What is cool is that blindness time resets its clock to culture standard time with the mechanism of "figuring-out." Blindness is the time to figure out sight and the subsequent sighted configuration of the world. Blind people doing this figuring out are admired by sighted people and when such figuring out turns into "figured out," sighted people think this is cool. Sight thinks blindness is cool when it can tell the time — when its time is the time to figure out sight and sights, when blindness "sees" its time as the time for sight and that there is no other time zone.
Now, it is a fact — even though it isn't true — that blindness is the opposite of sight. In fact, we know of the existence of sight because of its opposite, the existence of blindness. It might even be said that sight owes its existence to blindness. But, this is only a fact within the equally untrue fact of the conception of culture standard time understood as the only time zone. Nonetheless, sight needs blindness and this is cool.
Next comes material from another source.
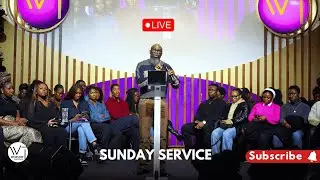 Sunday Service @11.30am - January 11, 2026 - #WTOnline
But, sight needs blindness even more than this. Sight cannot see itself nor can it see itself seeing and this is not only a fact, it is also true. Sight does, however, see blindness figuring out the configuration of sights, the "just-thereness" of an objective world in culture standard time. Ironically, this marks a beginning for sight to see itself, to "watch it." Blindness can be the time, the occasion, for sight to see itself as a constant, continuous "figuring out" of a configuration of sights and to see that this act of "figuring out" is the act of constructing and generating a "just-there-world-for-anyone-to-see." The subjectivity of blindness, blind people, making an appearance in the world as figures who figure out is the time for sight to figure out that it configures not only a "just-there" world but also a sighted subjectivity, sighted people. Blindness time is the time for us (blind people) to "see" that we are wearing "mirrored shades". When sight "looks blindness in the eye" it does not see its opposite, it sees itself. Blindness reflects sight and it shows sight to itself, something it cannot see without blindness. Blindness time, our time, is the time for sight, for normalcy, to develop self-understanding and this is fucking cool.
Works Cited
- Ahmed, Sara. 2006. Queer Phenomenology: Orientations, Objects, Others. Durham: Duke University Press.
- Arendt, Hannah. 1971. The Life of the Mind. San Diego: Harcourt Brace Jovanovich Publishers.
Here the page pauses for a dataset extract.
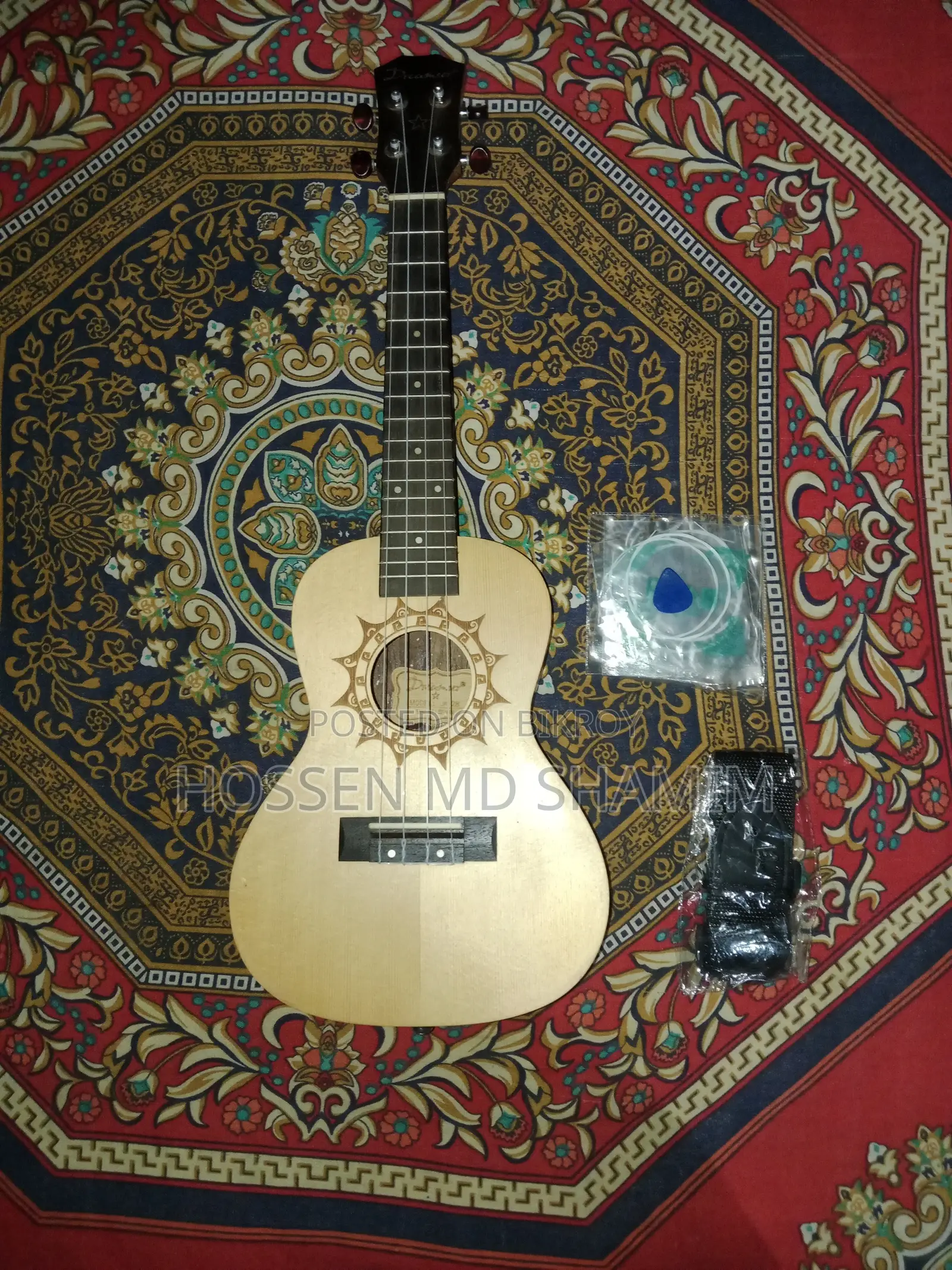 ইউকুলিলি সেল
- Butler, Judith. 1993. Bodies that Matter: On the Discursive Limits of Sex. New York: Routledge.
- Bergson, Henri. 2009[1910]. Time and Free Will: An Essay on the Immediate Data of Consciousness. Ithica, New York: Cornell Library Press.
- Michalko, Rod. 1999. The Two-in-One: Walking with Smokie, Walking with Blindness. Philadelphia: Temple University Press.
- Schutz, Alfred. 1973. Collected Papers, Volume One: The Problem of Social Reality. The Hague: Martinus Nijhoff.
- Stiker, Henri-Jacques. 1999. The History of Disability. Trans. William Sayers. Foreword by David T. Mitchell. Ann Arbor: University of Michigan Press.